A cette question, Hagop, un jeune Libanais d’origine arménienne, qui pourtant a refusé de se joindre au pogrom, répond que les jeunes natifs de Bourj Hammoud se sentent pris au piège par l’afflux toujours plus important d’étrangers dans leur quartier. «Si je veux travailler, on me refusera et me dira que pour ce travail, un Syrien acceptera un salaire de misère. C’est pareil pour les loyers qui, du fait de la forte demande, ont augmenté de deux cents dollars en un rien de temps», déplore-t-il.
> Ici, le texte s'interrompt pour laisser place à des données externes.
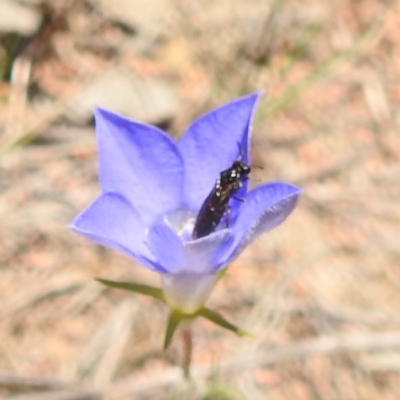 Eurys sp. (genus) (Eurys sawfly) at Kambah, ACT - 22 Dec 2023 by HelenCross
Pour mettre un terme aux violences, les forces de sécurité se sont déployées massivement dans la soirée qui a suivi les pogroms, invitant vivement les habitants, Libanais et Syriens, à rentrer chez eux. Depuis, des rondes sont effectuées régulièrement dans le quartier. En plus d’assurer la sécurité, la police oblige tous les magasins tenus par des Syriens à fermer. Une troupe d’une dizaine de policiers ont ainsi fermé devant moi un magasin de téléphonie mobile. L’opération a duré moins d’une minute. Le gérant du magasin en question, perplexe, n’a pas souhaité s’exprimer. D’autres Syriens ferment boutique de leur propre chef, craignant de nouvelles vagues de répression. Mohammad tient, lui aussi, un magasin de télécom, mais à l’embouchure de Nabaa. «Le quartier est très peuplé d’Arméniens. Pour cela, je ferme le plus clair de la journée, pour rouvrir seulement aux heures de pointe», affirme-t-il. Mardi, les autorités ont imposé un couvre-feu aux étrangers, invitant les Libanais à se munir de leurs pièces d’identité. Instauré pour une durée indéterminée, ce couvre-feu symbolise l’inquiétude et la méfiance qui se sont installées chez les habitants de Bourj Hammoud, toutes nationalités confondues.
Elie-Louis Tourny
Une tour de Babel
Bourj Hammoud est l’une des banlieues les plus peuplées de Beyrouth. Connu comme étant le bastion de la communauté
arménienne, ce quartier a vu arriver ces dernières années un afflux important de gens de toutes nationalités et religions, dont les Kurdes. Certains sont originaires de Syrie, d’autres ont acquis la nationalité libanaise au début des années quatre-vingt-dix, à la suite de la guerre civile.